Though heavily involved in the drug trade, Pearson was sent to prison for a case unrelated to narcotics. In 1996 she was convicted of second-degree murder for the fatal shooting of 15-year-old girl that she didn’t even know. At the time of the incident Pearson was 14, and she was sent to the Maryland Correctional Institution for Women in Jessup at 15. While serving time, Pearson did all she could to keep from going insane and/or becoming completely heartless. She took classes to earn her GED, began secretly dating a female correctional officer and looked forward to visits from Loney. One day during the second year of her bid she received the news from another inmate that Loney had been murdered.

Pearson says she went through a range of emotion but was suddenly overcome with a feeling of peace, which made her turn her life around. She sensed that she’d survived the most dreary part of her life and that it was time to focus on a fresh start. “The book goes through my life at my darkest time and how I got past that,” Pearson says. She says that she still visits her East Baltimore neighborhood and is greeted with respect and admiration.

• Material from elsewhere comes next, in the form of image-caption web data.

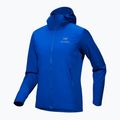 Arc'teryx Atom SL Hoody vitality ii изолирано яке за мъже 6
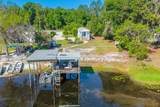 588 County Road 21 - Photo 32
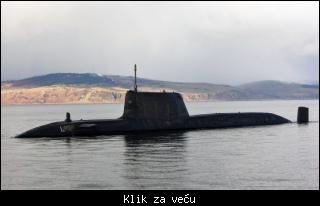 podnapisi subsmarine podnapisi subsmarine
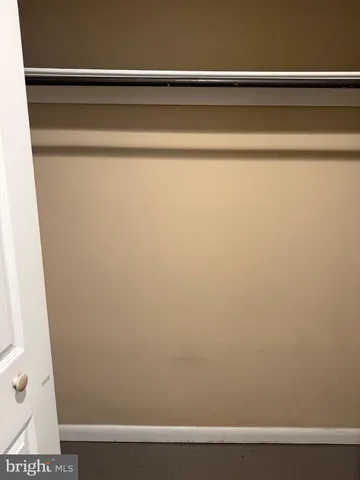 a view of a terrace with seating space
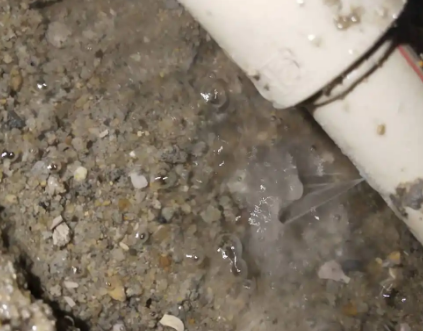 岳麓测漏水电话号码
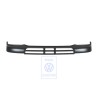 Original VW Front Cross Panel - J5391135905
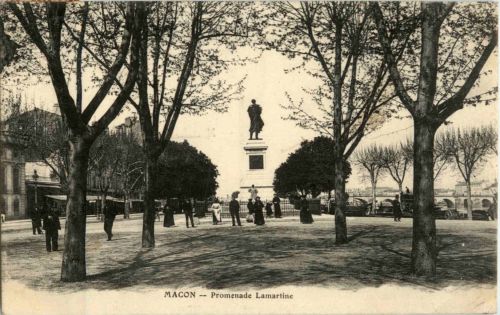Macon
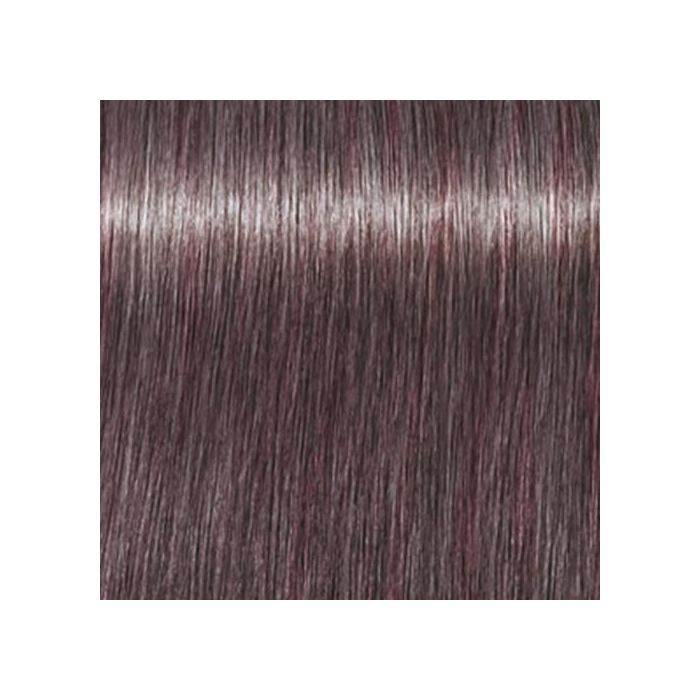 IG  ROYAL OPUL 8-19 60ML SCHWAZKOPF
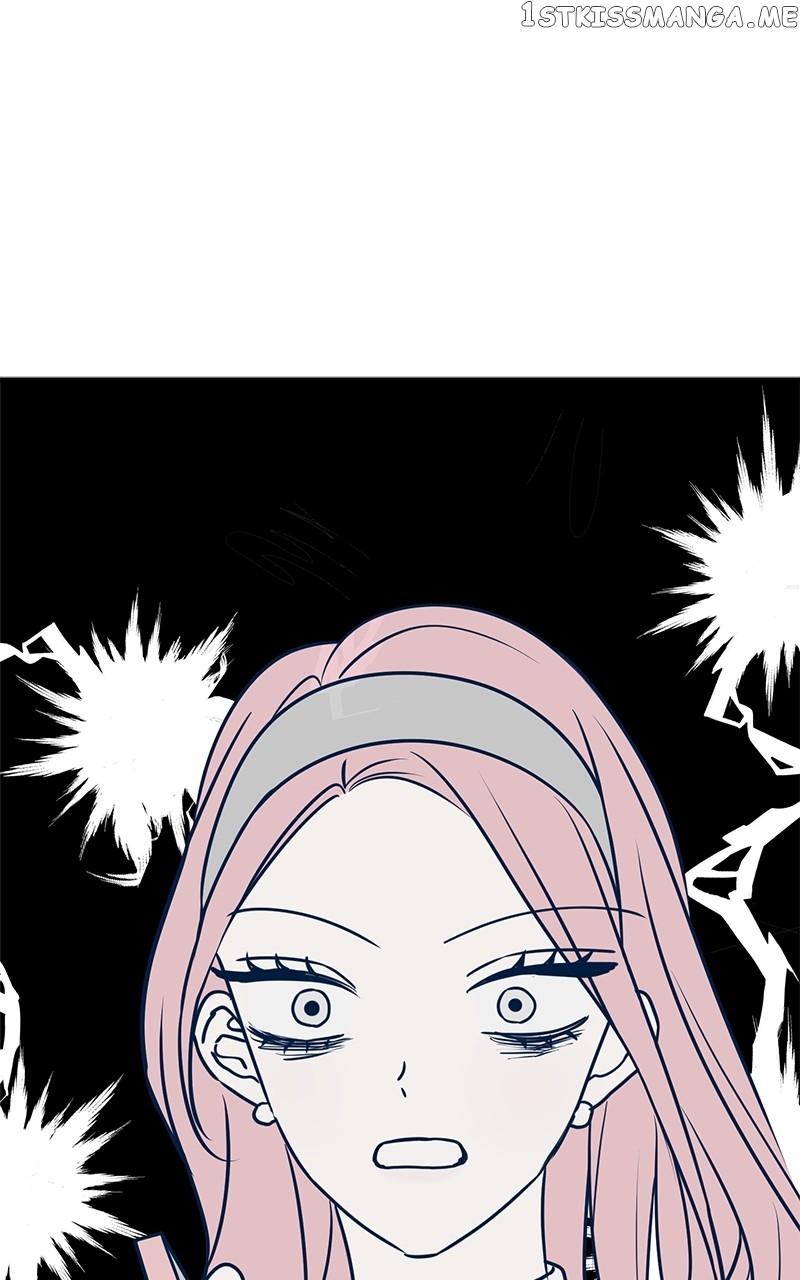 Throw the Trash in the Trash cane Chapter 53 - page 85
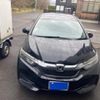 honda shuttle 2016 -HONDA--Shuttle DBA-GK9--GK9-1000966---HONDA--Shuttle DBA-GK9--GK9-1000966- image 1
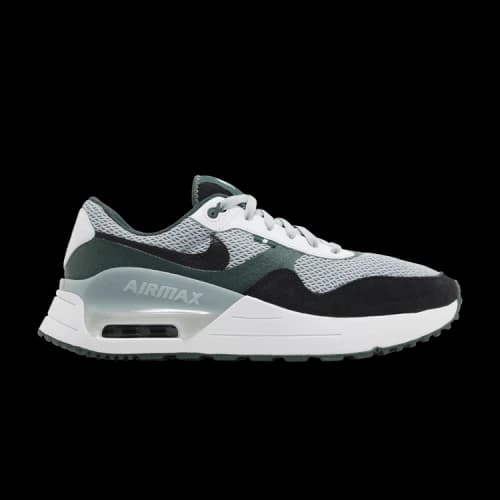 Nike Air Max SYSTM Michigan State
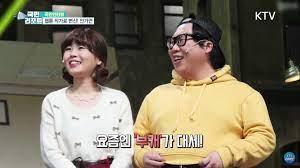 저랑 해요, 그 결혼. 서투룬 유혹, 남자의 단단한 등에 매달려 뜨거운 입술을 겹쳤. Gmw19lurdz4ypm
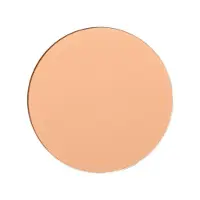 Shiseido Recarga de maquillaje solar compacto protector UV SPF 30 Medium Ivory 12g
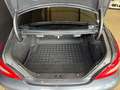 Mercedes-Benz CLS 63 AMG 2.HAND/CARBON/DISTRO/H&K/NACHTSICHT/ Gris - thumbnail 19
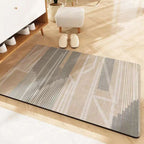 Non-Slip Kitchen Comfort Mat | Thrascher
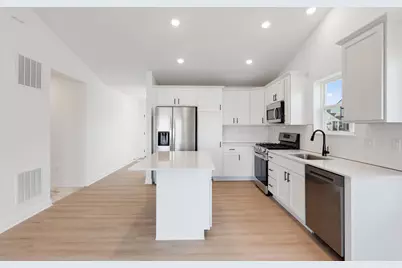 1205 Deerpath Drive NE, Hanover, MN 55341 - Photo 4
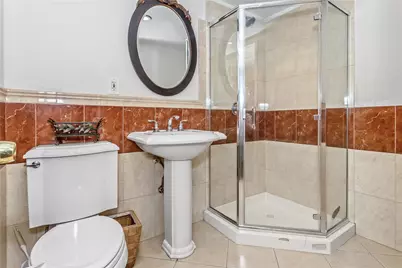 8919 205th Street, Hollis, NY 11423 - Photo 21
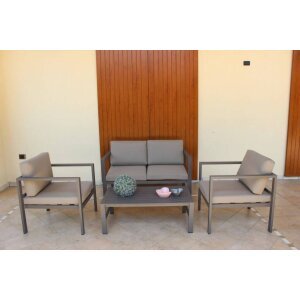 4122-ANTR_AT804122-TAUP_2.jpeg Salotto da Giardino con cuscini 4 posti in Alluminio – LEX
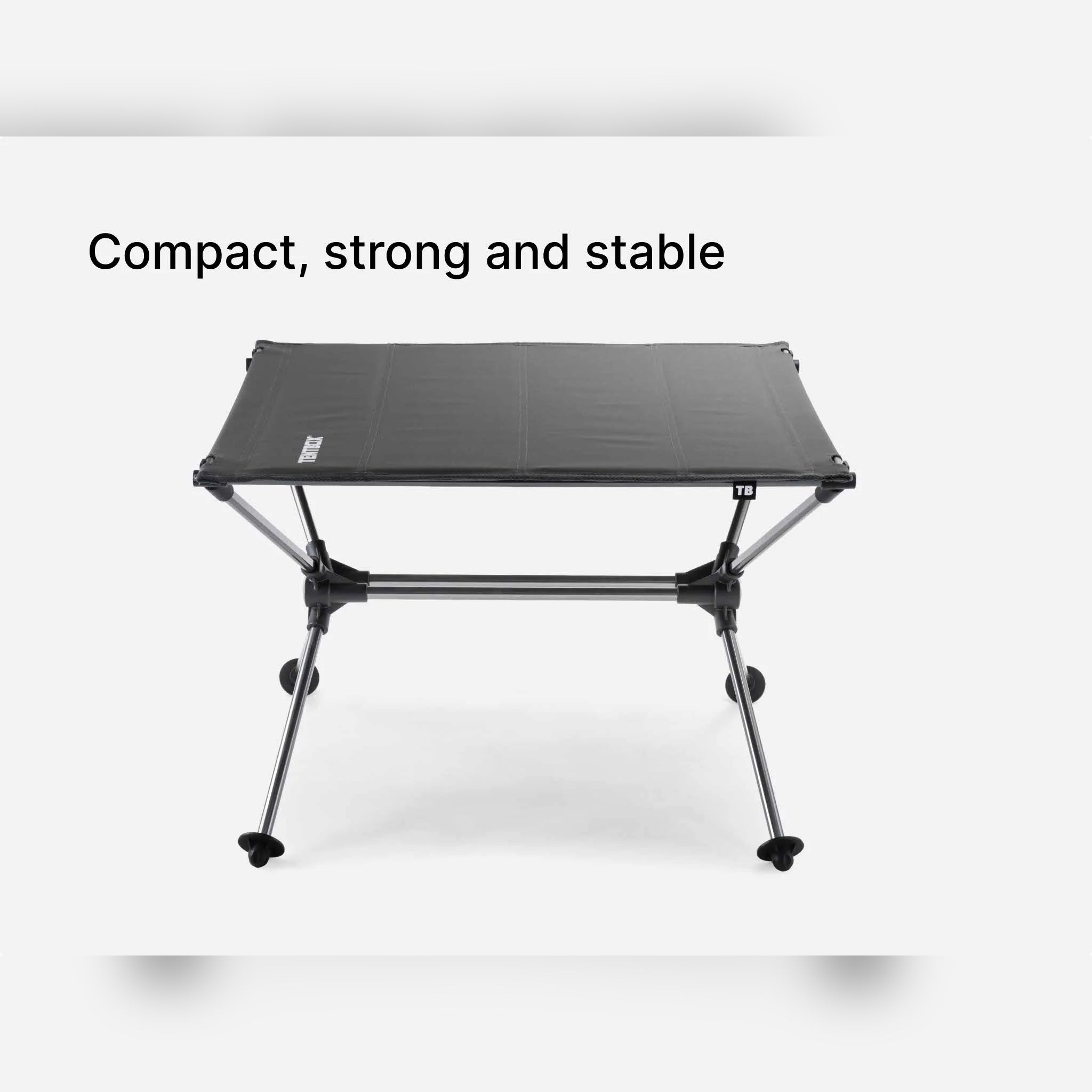 Camping Table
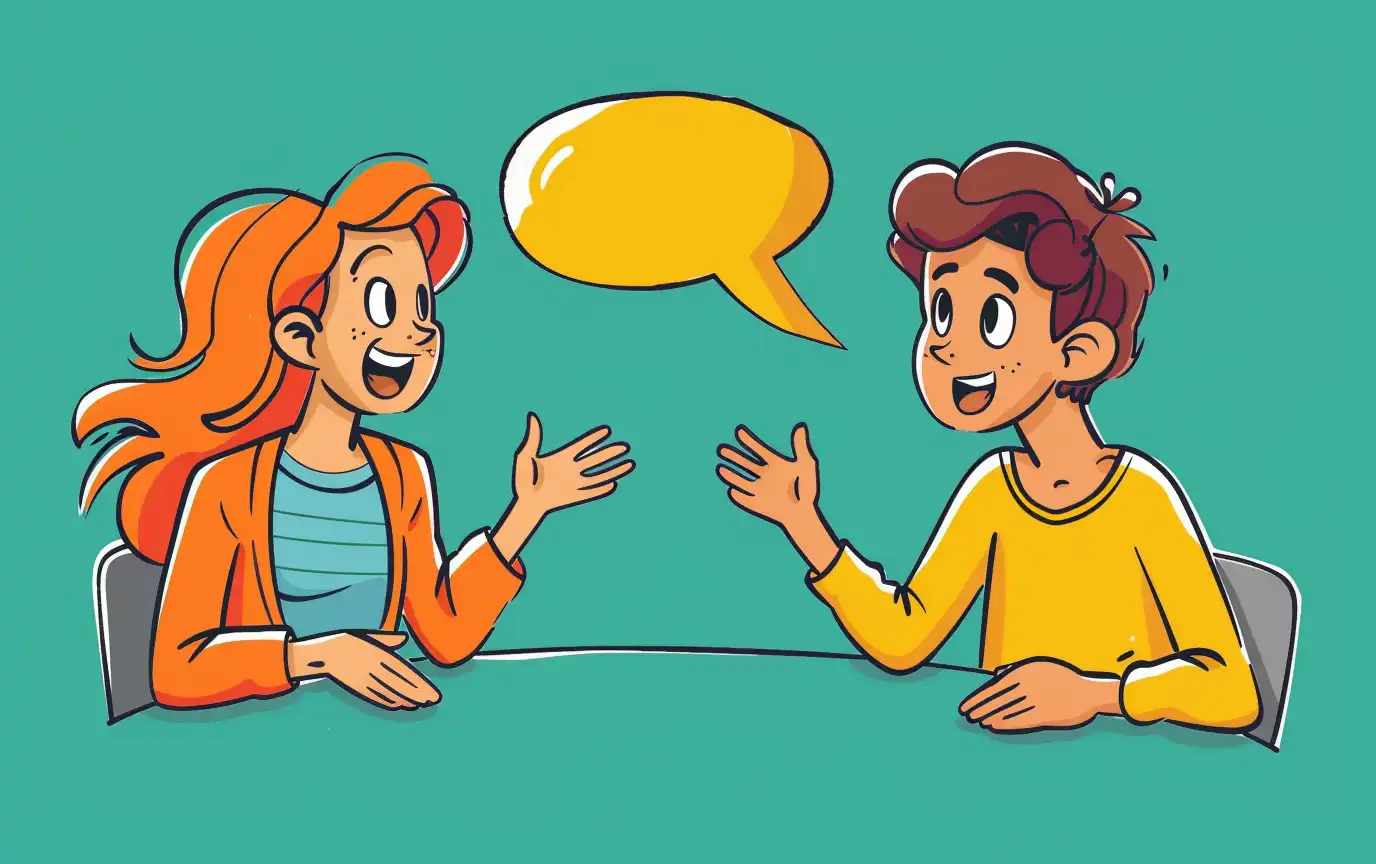 Effective Communication and Active Listening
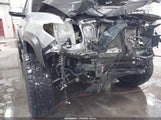 Toyota Tacoma Trd Sport 3TMCZ5ANXLM312421 снимка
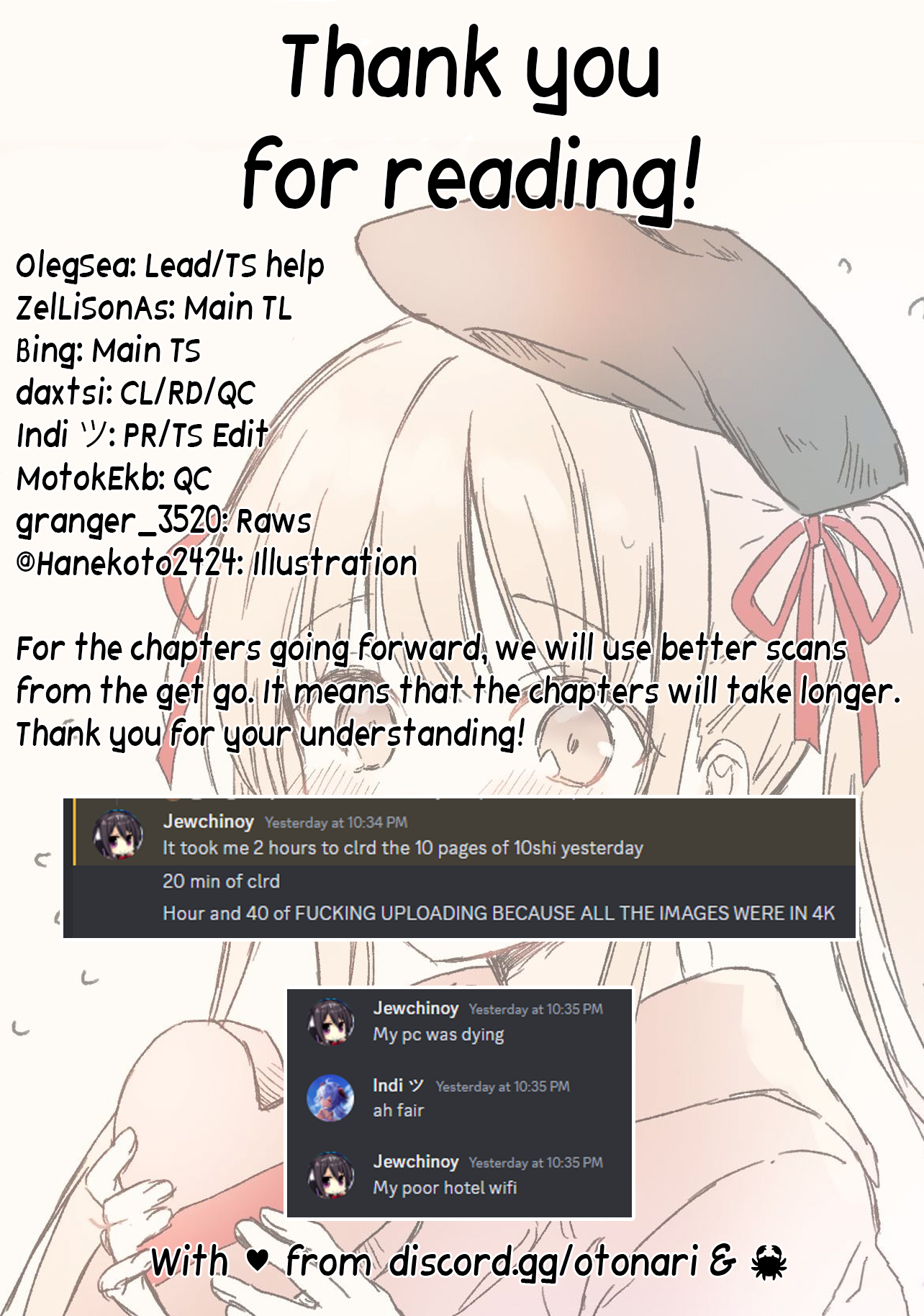 Page 11 of Chapter 11.3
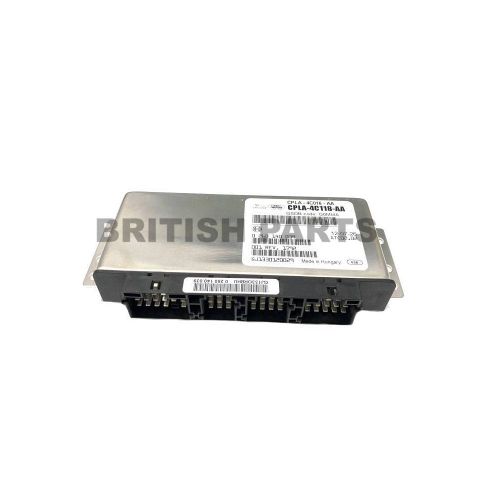 Module Electronic Control T2R23274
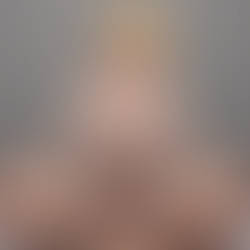 JBhZb-ut4gWFMeDSHXjYT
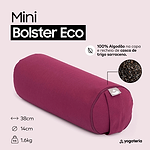 yogateria-mini-bolster-eco-ameixa_01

And she is acting. The Wire’s Snoop – whom Stephen King called “perhaps the most terrifying female villain to ever appear in a television series” in the Sept. 1, 2006, issue of Entertainment Weekly – is a far cry from the real, mild-mannered Pearson. “The character Snoop on The Wire is a cold-hearted person,” Pearson says. “She don’t care about nothing. I have a heart. I’ve always had a heart. So I look at a script and think of how Denzel might play it.” She laughs briefly at her own joke. “Plus, I already know how the streets are, so it wasn’t too hard for me to capture the gangsta side that they wanted to see,” she adds.

Since The Wire’s final season’s shooting wrapped over the summer, Pearson has been pursuing other entertainment endeavors. She was asked to appear as Snoop in a video for “It’s a Stick Up” by 50 Cent’s protégé Tony Yayo. Pearson admits to dabbling in rap during her free time but says she has no plans to record anything seriously. She is still touring and doing book signings for her autobiography, which she hopes will be adapted into a movie. In addition, Pearson has other acting gigs to be announced in the future.

“I’m working on a film, but my lawyer asked me not to discuss that right now,” she teases.